## WHAT THE TASK ASKS:
From the records that follow, return exactly the lines beginning at the one that contains "Welcome back to A4A2" and ending at the one that contains "Hello guys, welcome", pictures left out.

··· EXERCISE DATA

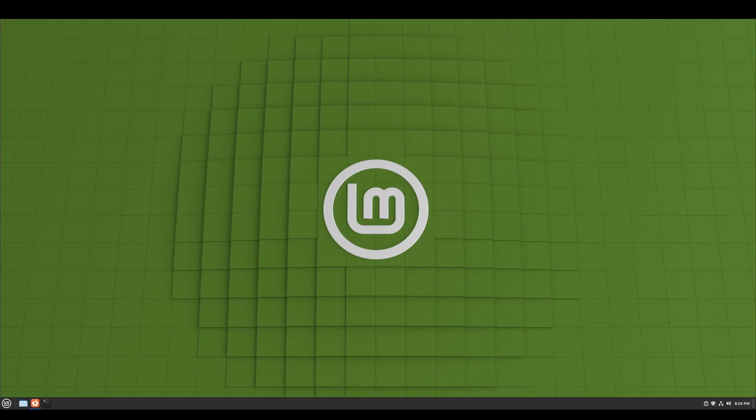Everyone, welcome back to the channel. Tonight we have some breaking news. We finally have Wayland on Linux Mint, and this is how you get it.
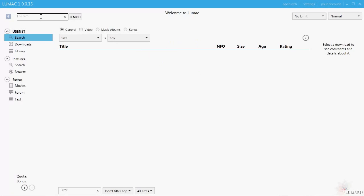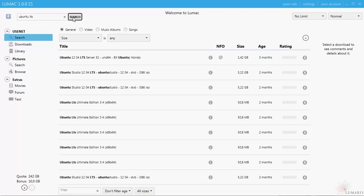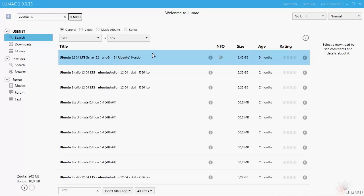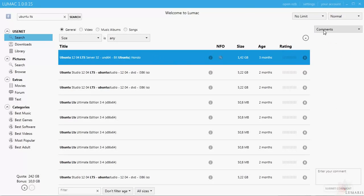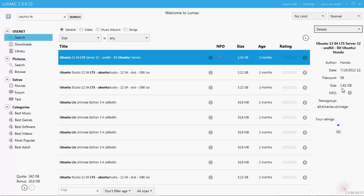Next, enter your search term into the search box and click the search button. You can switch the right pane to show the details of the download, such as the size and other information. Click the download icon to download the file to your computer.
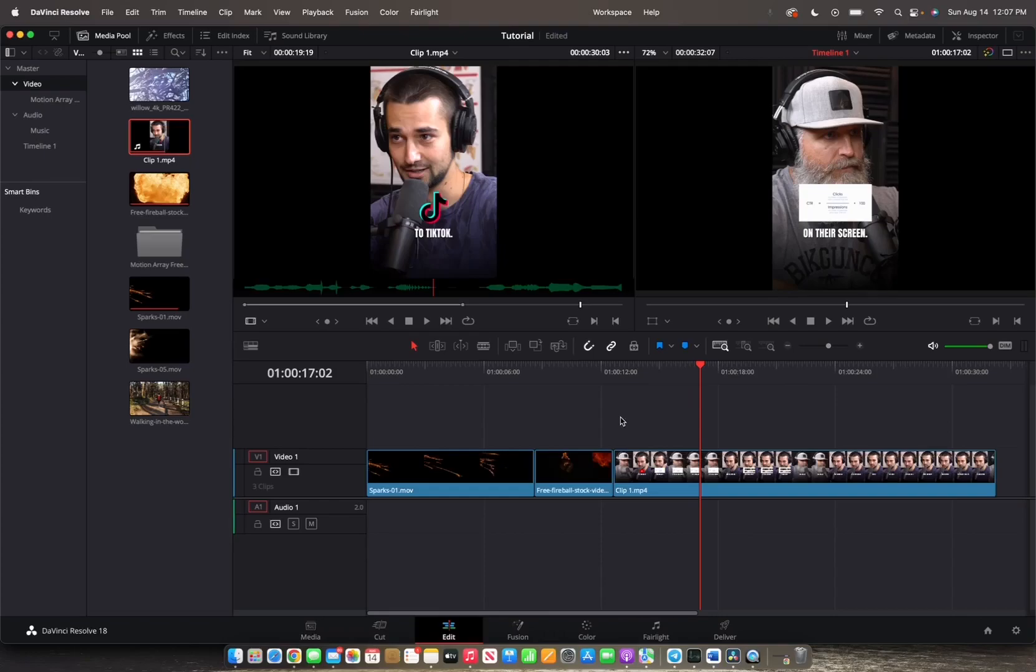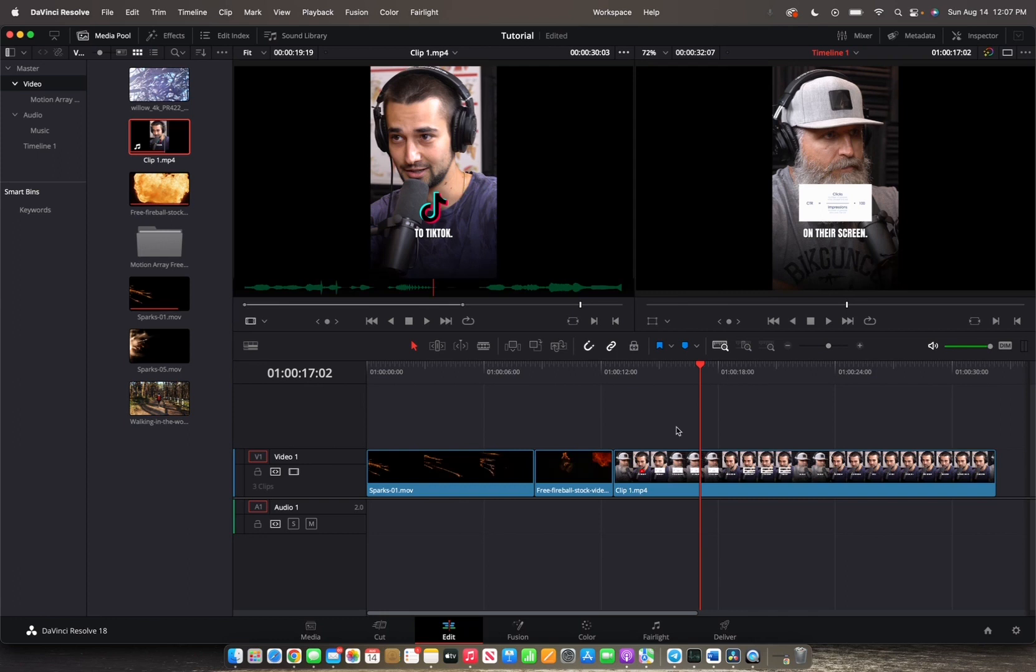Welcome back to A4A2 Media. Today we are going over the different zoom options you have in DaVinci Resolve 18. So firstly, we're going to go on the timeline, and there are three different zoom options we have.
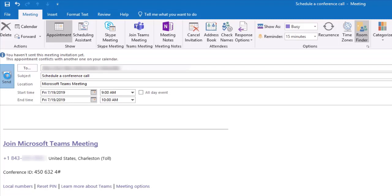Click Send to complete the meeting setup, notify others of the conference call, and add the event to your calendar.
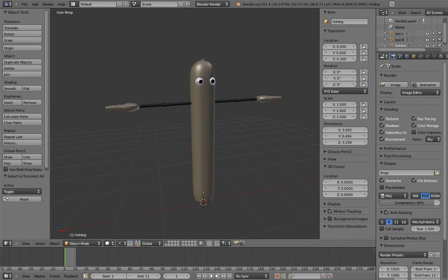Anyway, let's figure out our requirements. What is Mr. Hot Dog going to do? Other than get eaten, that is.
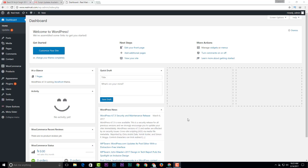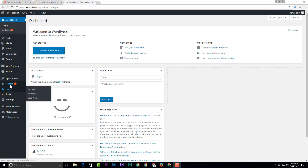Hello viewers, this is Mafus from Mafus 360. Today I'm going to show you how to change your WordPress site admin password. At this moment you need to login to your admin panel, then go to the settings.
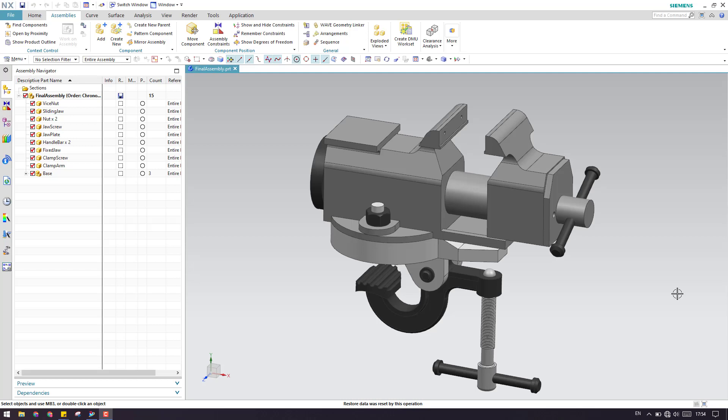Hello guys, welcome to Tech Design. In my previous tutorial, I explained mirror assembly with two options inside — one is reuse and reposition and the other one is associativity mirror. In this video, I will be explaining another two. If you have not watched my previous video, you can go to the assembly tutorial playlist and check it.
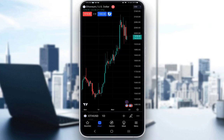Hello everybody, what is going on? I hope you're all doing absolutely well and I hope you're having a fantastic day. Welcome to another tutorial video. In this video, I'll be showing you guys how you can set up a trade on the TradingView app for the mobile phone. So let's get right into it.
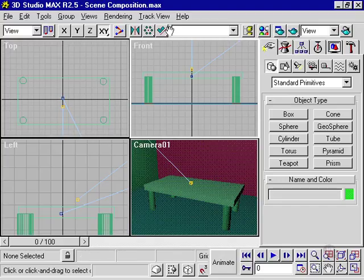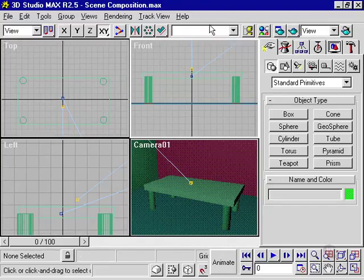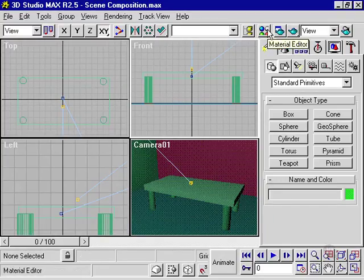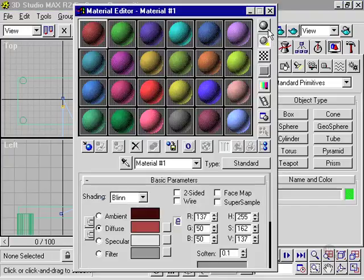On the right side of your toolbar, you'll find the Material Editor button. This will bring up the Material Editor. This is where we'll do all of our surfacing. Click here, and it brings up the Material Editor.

······
··· EXERCISE DATA

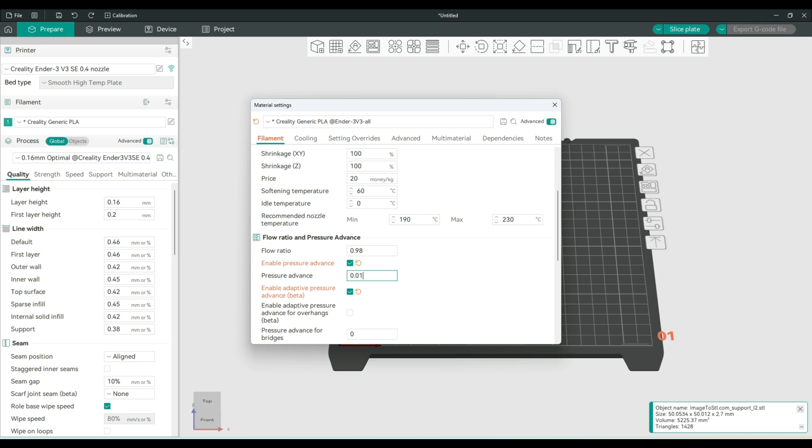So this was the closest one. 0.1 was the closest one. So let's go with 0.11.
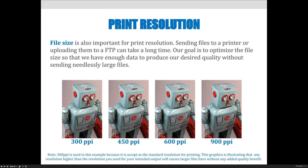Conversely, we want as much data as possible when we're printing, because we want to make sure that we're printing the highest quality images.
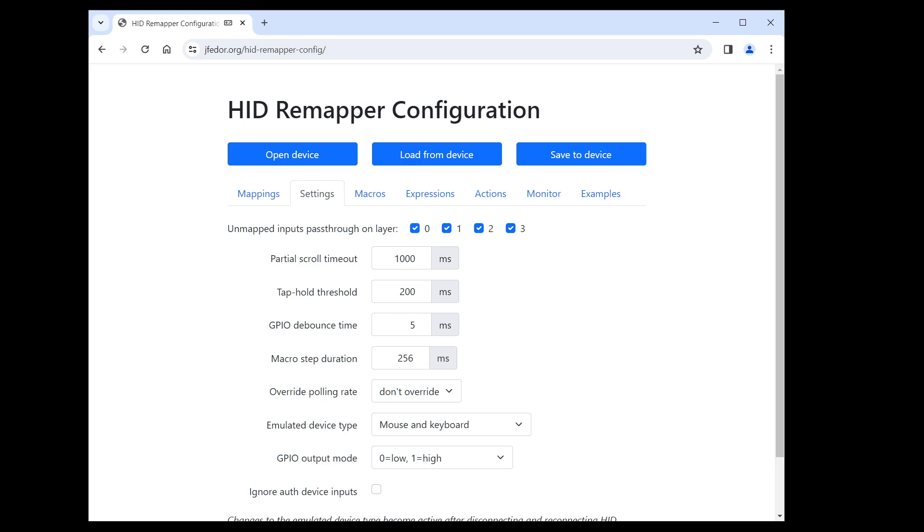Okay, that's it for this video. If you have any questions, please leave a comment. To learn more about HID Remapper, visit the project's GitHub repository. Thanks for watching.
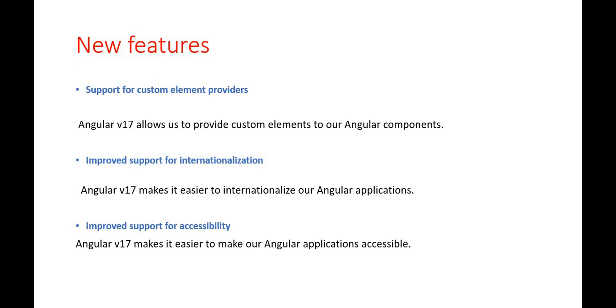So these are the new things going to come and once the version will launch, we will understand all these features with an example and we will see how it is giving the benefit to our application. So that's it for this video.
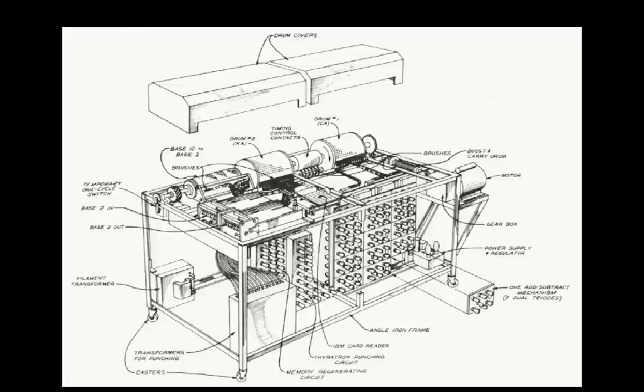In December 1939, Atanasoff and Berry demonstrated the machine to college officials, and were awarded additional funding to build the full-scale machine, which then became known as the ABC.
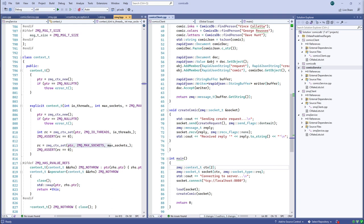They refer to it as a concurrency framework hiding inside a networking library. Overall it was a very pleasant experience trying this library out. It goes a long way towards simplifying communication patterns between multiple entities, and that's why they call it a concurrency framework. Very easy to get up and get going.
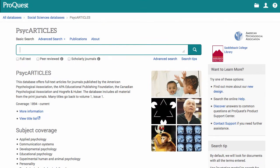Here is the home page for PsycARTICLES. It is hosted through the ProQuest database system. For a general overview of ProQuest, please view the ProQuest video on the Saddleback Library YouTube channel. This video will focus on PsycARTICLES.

······

## SOLUTION TO THIS EXERCISE:
Welcome back to A4A2 Media. Today we are going over the different zoom options you have in DaVinci Resolve 18. So firstly, we're going to go on the timeline, and there are three different zoom options we have.
Click Send to complete the meeting setup, notify others of the conference call, and add the event to your calendar.
Anyway, let's figure out our requirements. What is Mr. Hot Dog going to do? Other than get eaten, that is.
Hello viewers, this is Mafus from Mafus 360. Today I'm going to show you how to change your WordPress site admin password. At this moment you need to login to your admin panel, then go to the settings.
Hello guys, welcome to Tech Design. In my previous tutorial, I explained mirror assembly with two options inside — one is reuse and reposition and the other one is associativity mirror. In this video, I will be explaining another two. If you have not watched my previous video, you can go to the assembly tutorial playlist and check it.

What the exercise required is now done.